WORK INSTRUCTION :: Could you transcribe every record below exactly, leaving out the pictures?

DATA SHOWN ::
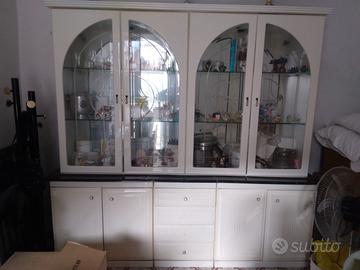 Stanza da letto, cucina e stanza da pranzo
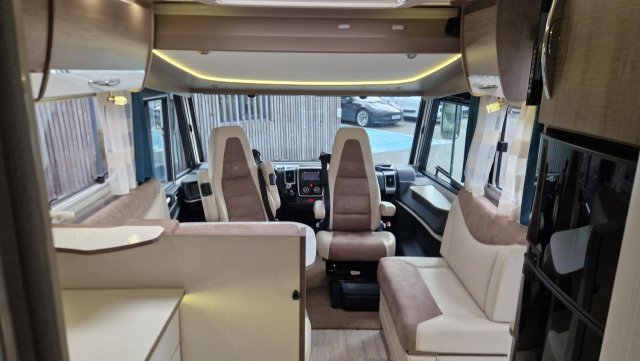 Bavaria Initial I741C Class I 741 C - Photo 13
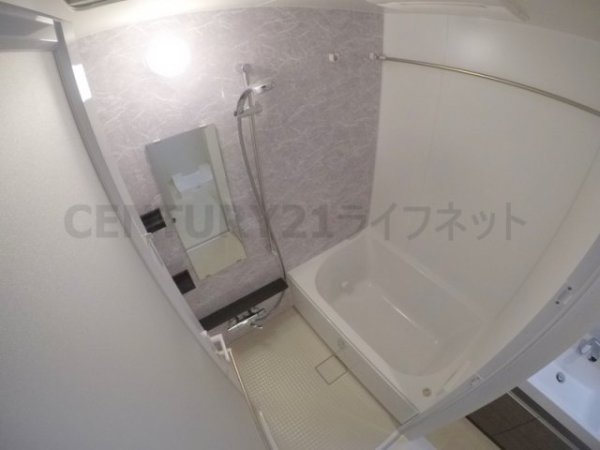吹田市穂波町のマンション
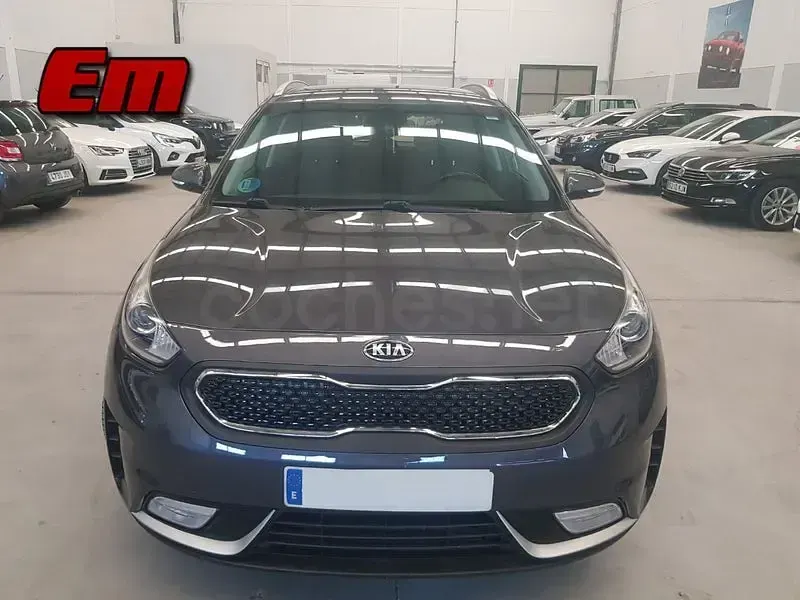 Usado Kia Niro 141 CV (103 kW) 2018 Gris / plata SUV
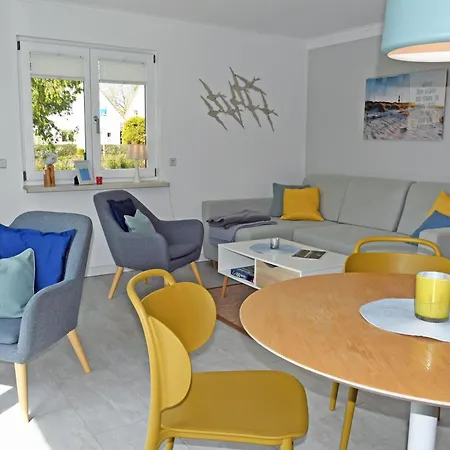 Mit Sauna U Terrasse Im Zentrum Von Ruegen Thesenvitz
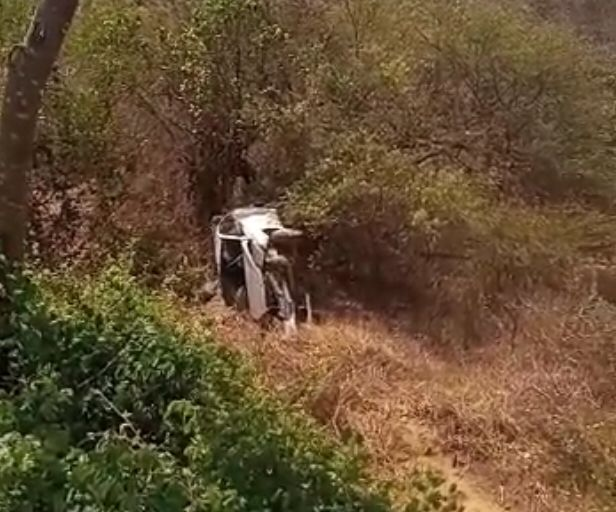 Duas jovens ficam feridas em acidente de carro no Vale do Piancó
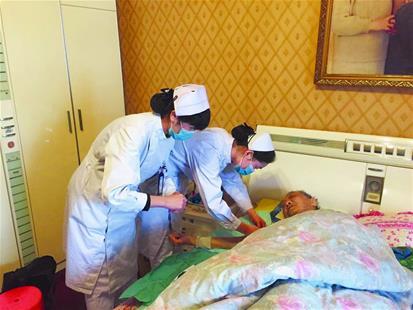 79岁爹爹出院后 暖心白衣天使17次上门护理(图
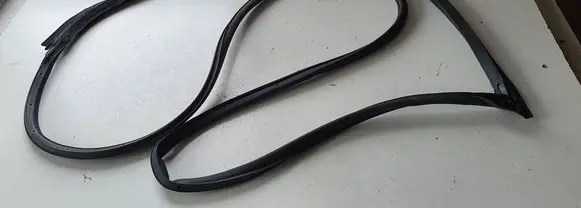 Toyota Auris E180 Rubber seal front door (on door) 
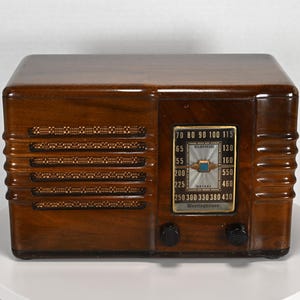 RESTORED Westinghouse walnut vintage tube radio 1939/40 old antique wood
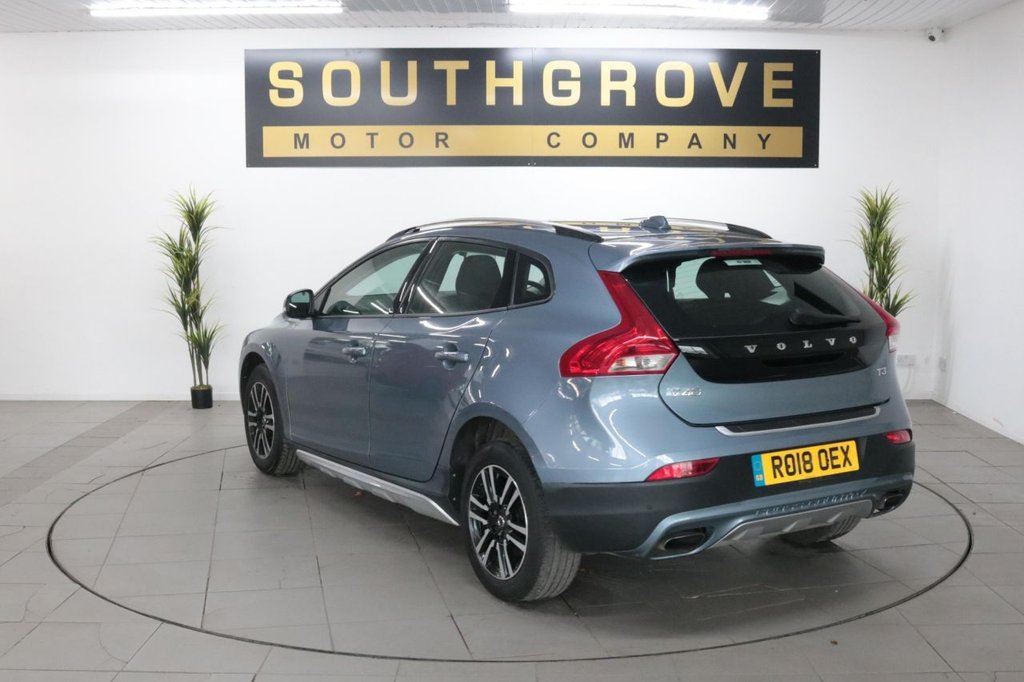 Used Volvo V40 2018 for sale - 76395912: Photo 7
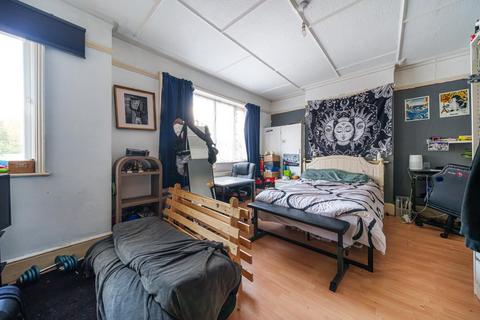 212 Brownhill Road, London, SE6 1AT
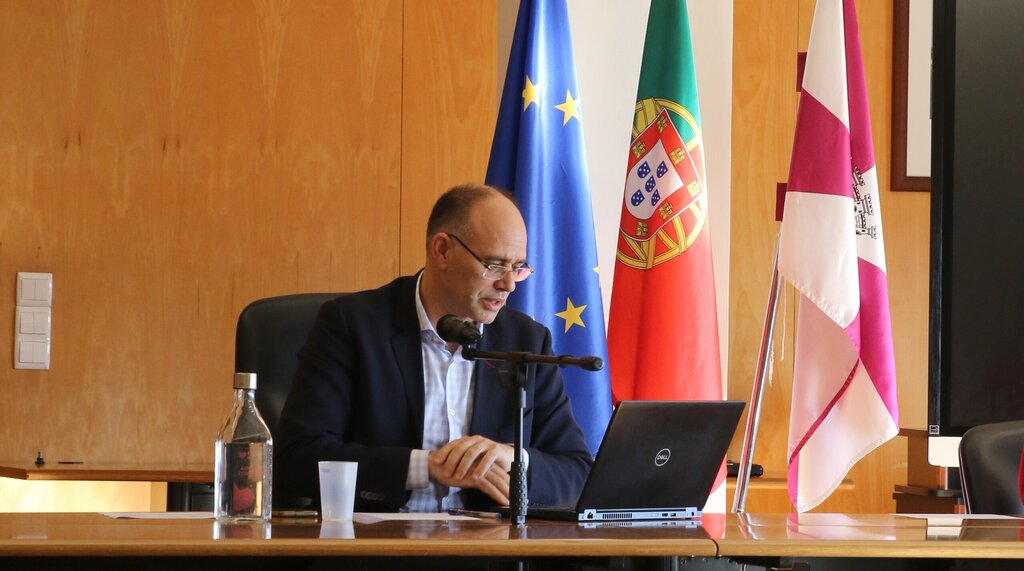 Reunião de Câmara esta quinta-feira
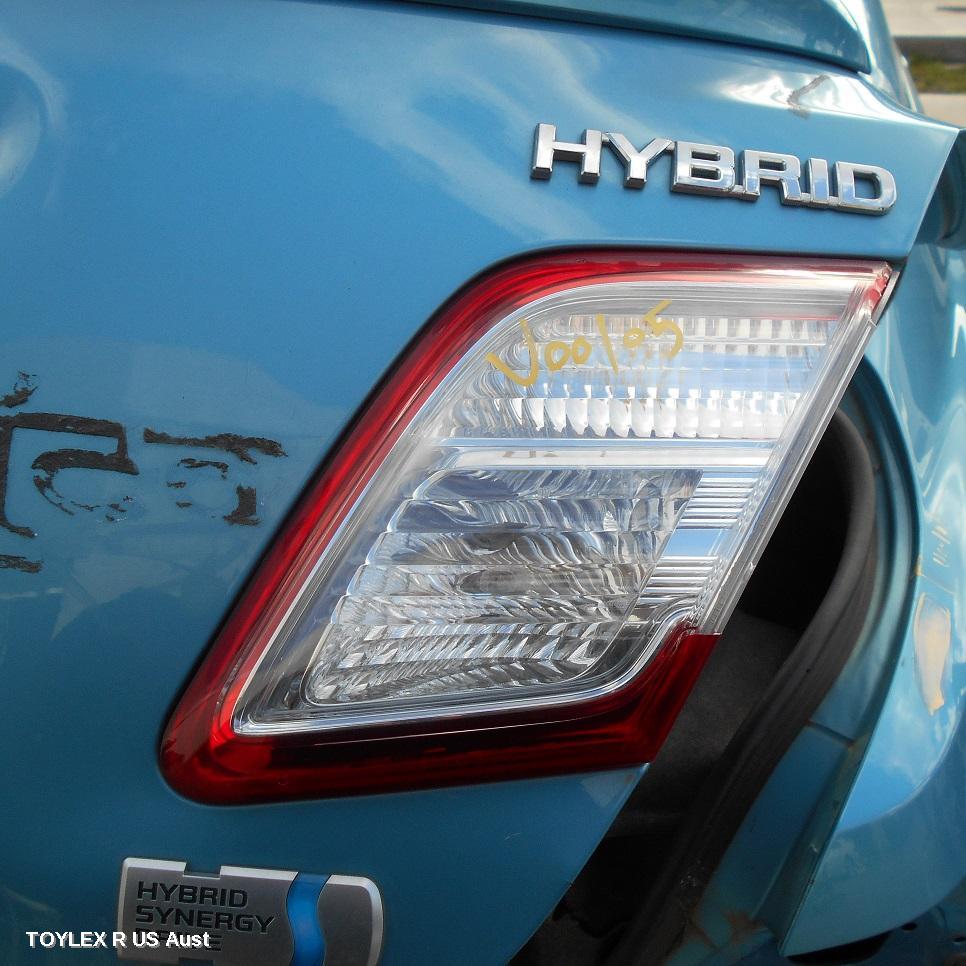 TOYOTA CAMRY 2009 Rear Garnish BOOTLID LAMP (RH SIDE), HYBRID, LED TYPE, AHV40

EXPECTED ANSWER ::
 Stanza da letto, cucina e stanza da pranzo
 Bavaria Initial I741C Class I 741 C - Photo 13
吹田市穂波町のマンション
 Usado Kia Niro 141 CV (103 kW) 2018 Gris / plata SUV
 Mit Sauna U Terrasse Im Zentrum Von Ruegen Thesenvitz
 Duas jovens ficam feridas em acidente de carro no Vale do Piancó
 79岁爹爹出院后 暖心白衣天使17次上门护理(图
 Toyota Auris E180 Rubber seal front door (on door) 
 RESTORED Westinghouse walnut vintage tube radio 1939/40 old antique wood
 Used Volvo V40 2018 for sale - 76395912: Photo 7
 212 Brownhill Road, London, SE6 1AT
 Reunião de Câmara esta quinta-feira
 TOYOTA CAMRY 2009 Rear Garnish BOOTLID LAMP (RH SIDE), HYBRID, LED TYPE, AHV40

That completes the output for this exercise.